- TASK BRIEF -
Every line of the data below should be printed exactly. Nothing may be dropped.

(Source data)
------------

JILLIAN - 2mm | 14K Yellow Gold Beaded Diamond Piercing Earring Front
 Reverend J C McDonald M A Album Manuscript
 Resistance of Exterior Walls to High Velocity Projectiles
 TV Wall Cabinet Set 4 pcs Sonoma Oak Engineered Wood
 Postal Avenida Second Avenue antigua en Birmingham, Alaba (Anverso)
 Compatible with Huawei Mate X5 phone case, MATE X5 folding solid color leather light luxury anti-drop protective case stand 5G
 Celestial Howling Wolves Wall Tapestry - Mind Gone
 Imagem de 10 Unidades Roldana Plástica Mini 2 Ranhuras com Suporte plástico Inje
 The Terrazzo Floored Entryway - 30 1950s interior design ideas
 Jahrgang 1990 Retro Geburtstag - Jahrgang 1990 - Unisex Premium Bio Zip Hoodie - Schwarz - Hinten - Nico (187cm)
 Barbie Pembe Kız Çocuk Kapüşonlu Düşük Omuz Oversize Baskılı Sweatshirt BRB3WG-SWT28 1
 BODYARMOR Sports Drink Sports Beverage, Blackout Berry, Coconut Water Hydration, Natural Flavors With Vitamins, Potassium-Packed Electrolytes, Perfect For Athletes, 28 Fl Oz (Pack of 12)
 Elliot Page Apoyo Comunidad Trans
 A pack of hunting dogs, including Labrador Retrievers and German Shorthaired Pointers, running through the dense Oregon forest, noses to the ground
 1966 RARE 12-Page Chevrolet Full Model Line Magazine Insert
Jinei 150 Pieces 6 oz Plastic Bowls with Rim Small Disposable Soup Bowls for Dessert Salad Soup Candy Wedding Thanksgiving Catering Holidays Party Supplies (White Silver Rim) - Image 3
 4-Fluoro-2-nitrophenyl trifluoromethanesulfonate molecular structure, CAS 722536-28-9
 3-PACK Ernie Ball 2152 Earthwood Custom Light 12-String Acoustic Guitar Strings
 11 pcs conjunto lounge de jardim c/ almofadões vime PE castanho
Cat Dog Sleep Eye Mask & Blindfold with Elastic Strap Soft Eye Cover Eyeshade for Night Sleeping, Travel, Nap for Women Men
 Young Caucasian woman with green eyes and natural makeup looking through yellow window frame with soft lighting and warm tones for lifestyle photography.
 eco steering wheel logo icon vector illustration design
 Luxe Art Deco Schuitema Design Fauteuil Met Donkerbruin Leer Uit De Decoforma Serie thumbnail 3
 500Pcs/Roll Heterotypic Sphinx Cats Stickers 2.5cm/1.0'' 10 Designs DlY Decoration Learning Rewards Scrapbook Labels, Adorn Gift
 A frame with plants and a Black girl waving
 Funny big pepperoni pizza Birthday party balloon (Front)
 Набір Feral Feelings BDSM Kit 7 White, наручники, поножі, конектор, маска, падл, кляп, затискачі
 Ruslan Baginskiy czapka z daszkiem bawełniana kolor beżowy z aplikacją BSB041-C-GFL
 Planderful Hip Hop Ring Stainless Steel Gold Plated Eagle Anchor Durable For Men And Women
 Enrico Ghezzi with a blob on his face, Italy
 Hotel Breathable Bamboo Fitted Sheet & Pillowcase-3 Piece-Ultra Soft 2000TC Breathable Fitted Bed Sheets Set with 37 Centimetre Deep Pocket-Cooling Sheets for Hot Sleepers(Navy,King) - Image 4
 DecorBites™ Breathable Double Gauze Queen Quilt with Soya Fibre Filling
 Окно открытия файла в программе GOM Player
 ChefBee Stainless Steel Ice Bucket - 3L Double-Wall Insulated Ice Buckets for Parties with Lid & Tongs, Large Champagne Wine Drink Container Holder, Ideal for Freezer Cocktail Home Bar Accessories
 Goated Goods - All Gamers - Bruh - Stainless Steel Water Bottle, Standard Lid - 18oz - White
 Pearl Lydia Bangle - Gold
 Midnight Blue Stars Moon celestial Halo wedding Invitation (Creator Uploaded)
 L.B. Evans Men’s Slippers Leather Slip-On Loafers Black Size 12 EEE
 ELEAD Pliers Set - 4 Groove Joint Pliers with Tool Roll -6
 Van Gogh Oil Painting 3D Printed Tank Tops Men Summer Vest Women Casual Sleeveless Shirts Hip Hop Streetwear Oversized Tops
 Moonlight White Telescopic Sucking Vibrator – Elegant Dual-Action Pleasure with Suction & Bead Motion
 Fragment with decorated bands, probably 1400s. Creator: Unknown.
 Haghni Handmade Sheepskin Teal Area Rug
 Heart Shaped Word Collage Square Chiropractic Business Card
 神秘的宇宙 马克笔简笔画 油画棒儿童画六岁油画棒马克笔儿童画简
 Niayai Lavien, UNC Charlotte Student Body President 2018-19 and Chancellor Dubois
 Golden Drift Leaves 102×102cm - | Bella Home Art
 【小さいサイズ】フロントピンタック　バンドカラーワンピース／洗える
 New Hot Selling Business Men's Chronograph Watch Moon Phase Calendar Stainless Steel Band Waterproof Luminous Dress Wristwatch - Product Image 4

------------

- RESPONSE BOX -
JILLIAN - 2mm | 14K Yellow Gold Beaded Diamond Piercing Earring Front
 Reverend J C McDonald M A Album Manuscript
 Resistance of Exterior Walls to High Velocity Projectiles
 TV Wall Cabinet Set 4 pcs Sonoma Oak Engineered Wood
 Postal Avenida Second Avenue antigua en Birmingham, Alaba (Anverso)
 Compatible with Huawei Mate X5 phone case, MATE X5 folding solid color leather light luxury anti-drop protective case stand 5G
 Celestial Howling Wolves Wall Tapestry - Mind Gone
 Imagem de 10 Unidades Roldana Plástica Mini 2 Ranhuras com Suporte plástico Inje
 The Terrazzo Floored Entryway - 30 1950s interior design ideas
 Jahrgang 1990 Retro Geburtstag - Jahrgang 1990 - Unisex Premium Bio Zip Hoodie - Schwarz - Hinten - Nico (187cm)
 Barbie Pembe Kız Çocuk Kapüşonlu Düşük Omuz Oversize Baskılı Sweatshirt BRB3WG-SWT28 1
 BODYARMOR Sports Drink Sports Beverage, Blackout Berry, Coconut Water Hydration, Natural Flavors With Vitamins, Potassium-Packed Electrolytes, Perfect For Athletes, 28 Fl Oz (Pack of 12)
 Elliot Page Apoyo Comunidad Trans
 A pack of hunting dogs, including Labrador Retrievers and German Shorthaired Pointers, running through the dense Oregon forest, noses to the ground
 1966 RARE 12-Page Chevrolet Full Model Line Magazine Insert
Jinei 150 Pieces 6 oz Plastic Bowls with Rim Small Disposable Soup Bowls for Dessert Salad Soup Candy Wedding Thanksgiving Catering Holidays Party Supplies (White Silver Rim) - Image 3
 4-Fluoro-2-nitrophenyl trifluoromethanesulfonate molecular structure, CAS 722536-28-9
 3-PACK Ernie Ball 2152 Earthwood Custom Light 12-String Acoustic Guitar Strings
 11 pcs conjunto lounge de jardim c/ almofadões vime PE castanho
Cat Dog Sleep Eye Mask & Blindfold with Elastic Strap Soft Eye Cover Eyeshade for Night Sleeping, Travel, Nap for Women Men
 Young Caucasian woman with green eyes and natural makeup looking through yellow window frame with soft lighting and warm tones for lifestyle photography.
 eco steering wheel logo icon vector illustration design
 Luxe Art Deco Schuitema Design Fauteuil Met Donkerbruin Leer Uit De Decoforma Serie thumbnail 3
 500Pcs/Roll Heterotypic Sphinx Cats Stickers 2.5cm/1.0'' 10 Designs DlY Decoration Learning Rewards Scrapbook Labels, Adorn Gift
 A frame with plants and a Black girl waving
 Funny big pepperoni pizza Birthday party balloon (Front)
 Набір Feral Feelings BDSM Kit 7 White, наручники, поножі, конектор, маска, падл, кляп, затискачі
 Ruslan Baginskiy czapka z daszkiem bawełniana kolor beżowy z aplikacją BSB041-C-GFL
 Planderful Hip Hop Ring Stainless Steel Gold Plated Eagle Anchor Durable For Men And Women
 Enrico Ghezzi with a blob on his face, Italy
 Hotel Breathable Bamboo Fitted Sheet & Pillowcase-3 Piece-Ultra Soft 2000TC Breathable Fitted Bed Sheets Set with 37 Centimetre Deep Pocket-Cooling Sheets for Hot Sleepers(Navy,King) - Image 4
 DecorBites™ Breathable Double Gauze Queen Quilt with Soya Fibre Filling
 Окно открытия файла в программе GOM Player
 ChefBee Stainless Steel Ice Bucket - 3L Double-Wall Insulated Ice Buckets for Parties with Lid & Tongs, Large Champagne Wine Drink Container Holder, Ideal for Freezer Cocktail Home Bar Accessories
 Goated Goods - All Gamers - Bruh - Stainless Steel Water Bottle, Standard Lid - 18oz - White
 Pearl Lydia Bangle - Gold
 Midnight Blue Stars Moon celestial Halo wedding Invitation (Creator Uploaded)
 L.B. Evans Men’s Slippers Leather Slip-On Loafers Black Size 12 EEE
 ELEAD Pliers Set - 4 Groove Joint Pliers with Tool Roll -6
 Van Gogh Oil Painting 3D Printed Tank Tops Men Summer Vest Women Casual Sleeveless Shirts Hip Hop Streetwear Oversized Tops
 Moonlight White Telescopic Sucking Vibrator – Elegant Dual-Action Pleasure with Suction & Bead Motion
 Fragment with decorated bands, probably 1400s. Creator: Unknown.
 Haghni Handmade Sheepskin Teal Area Rug
 Heart Shaped Word Collage Square Chiropractic Business Card
 神秘的宇宙 马克笔简笔画 油画棒儿童画六岁油画棒马克笔儿童画简
 Niayai Lavien, UNC Charlotte Student Body President 2018-19 and Chancellor Dubois
 Golden Drift Leaves 102×102cm - | Bella Home Art
 【小さいサイズ】フロントピンタック　バンドカラーワンピース／洗える
 New Hot Selling Business Men's Chronograph Watch Moon Phase Calendar Stainless Steel Band Waterproof Luminous Dress Wristwatch - Product Image 4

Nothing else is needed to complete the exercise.